As shown in Figs. 13, 14, 15, 16, tensile strength showed an increasing tendency, flexural strength and compressive strength showed a decreasing tendency, whereas flexural modulus remained unchanged. It could be explained by the chemical crosslink density and the tendency to form hydrogen bonds between urethane bonds. Stirna et al. [21] investigated mechanical properties of rigid PU foams as a function of the polymer molecular weight per branching unit (Mc). (It is described in the literature as the network parameter and is inversely related to crosslink density [31].) They found that tensile strength increased while compressive strength and tensile modulus decreased as the Mc values increased. This was explained by an increasing tendency to form hydrogen bonds with the increasing Mc. It means that the increasing number of physical crosslinks results in the increase in the tensile strength, but does not influence the compressive strength. By analogy, we can assume that heating caused the formation of additional hydrogen bonds, which resulted in the increase in tensile strength. The maximum tensile strength was observed in the sixth week of aging. Later, a small drop was observed, which can be attributed to the degradation of the foam porous structure. Decreases in the flexural strength and compressive strength also can be attributed to the gradual loss of integrity of the porous morphology of the aged samples. As the decreases were greater in the case of the compressive strength, this property can be recognized as the most sensitive mechanical property to aging. It is worth noting that the minimum recorded value of the compressive strength was of 157.7 kPa. This value exceeds 100 kPa, which is sufficient for many rigid PU foam applications [18]. As the flexural modulus remained almost unchanged, this mechanical property can be recognized as the most insensitive to aging at 40 as well as 80 °C in the air and in seawater.

Conclusions

Aging of the rigid PU foam at the temperatures of 40 and 80 °C in the air and seawater for a period of 10 weeks caused changes in the visual appearance, morphology and selected physicochemical as well as mechanical properties. Aging at 80 °C resulted in a sample yellowing, while aging at 40 °C did not bring noticeable color changes. Aging at both temperatures caused deterioration of foam morphology. Its homogeneity decreased due to the cracking of cell edges and ribs. Glass transition temperature increased due to the increasing crosslink density resulting from the post-polymerization and/or formation of hydrogen bonds. The temperature had a much stronger effect on Tg than the environment and time. Just after 2 weeks of aging, the Tg values increased and achieved a certain level, specific for the particular aging conditions: temperature and environment. The minimum shift of the Tg was observed for the samples aged at 40 °C in the air, which corresponded to a 6% increase in the relation to the Tg of original sample. Greater shifts in Tg were observed for samples heated at 80 °C, which corresponded to an almost twofold increases. Water absorption also increased due to aging. Samples aged at 80 °C showed higher WS values than those aged at 40 °C. The WS values after 10 weeks of aging were, respectively, 25 and 15% greater than that shown by the starting foam. These increases can be attributed to the partial cell opening in aged samples. As the PU macrochains have greater mobility in the viscoelastic state than in the glassy state, the water migration was easier at 80 °C.
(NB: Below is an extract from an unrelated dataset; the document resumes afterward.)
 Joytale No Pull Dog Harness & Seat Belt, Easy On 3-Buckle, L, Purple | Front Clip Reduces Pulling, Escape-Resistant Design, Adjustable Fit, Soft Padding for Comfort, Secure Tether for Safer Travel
The flexural strength and compressive strength showed a decreasing tendency with aging time. The maximum shift of flexural strength from 436 to 345 kPa was observed after 8 weeks of aging in the air at 80 °C. The maximum shift of compressive strength from 284 to 158 kPa was observed after 4 weeks of aging in seawater at 80 °C. These decreases can be assigned to the degradation of the porous morphology. On the other hand, aging caused an increase in the tensile strength, probably due to the increase in the physical crosslink density. The starting material was characterized by the tensile strength of 413 kPa. Its highest value was of 608 kPa, and it was observed after 6 weeks of aging in the air at 80 °C. The changes in modulus were statistically insignificant and its average value was of 4.0 MPa.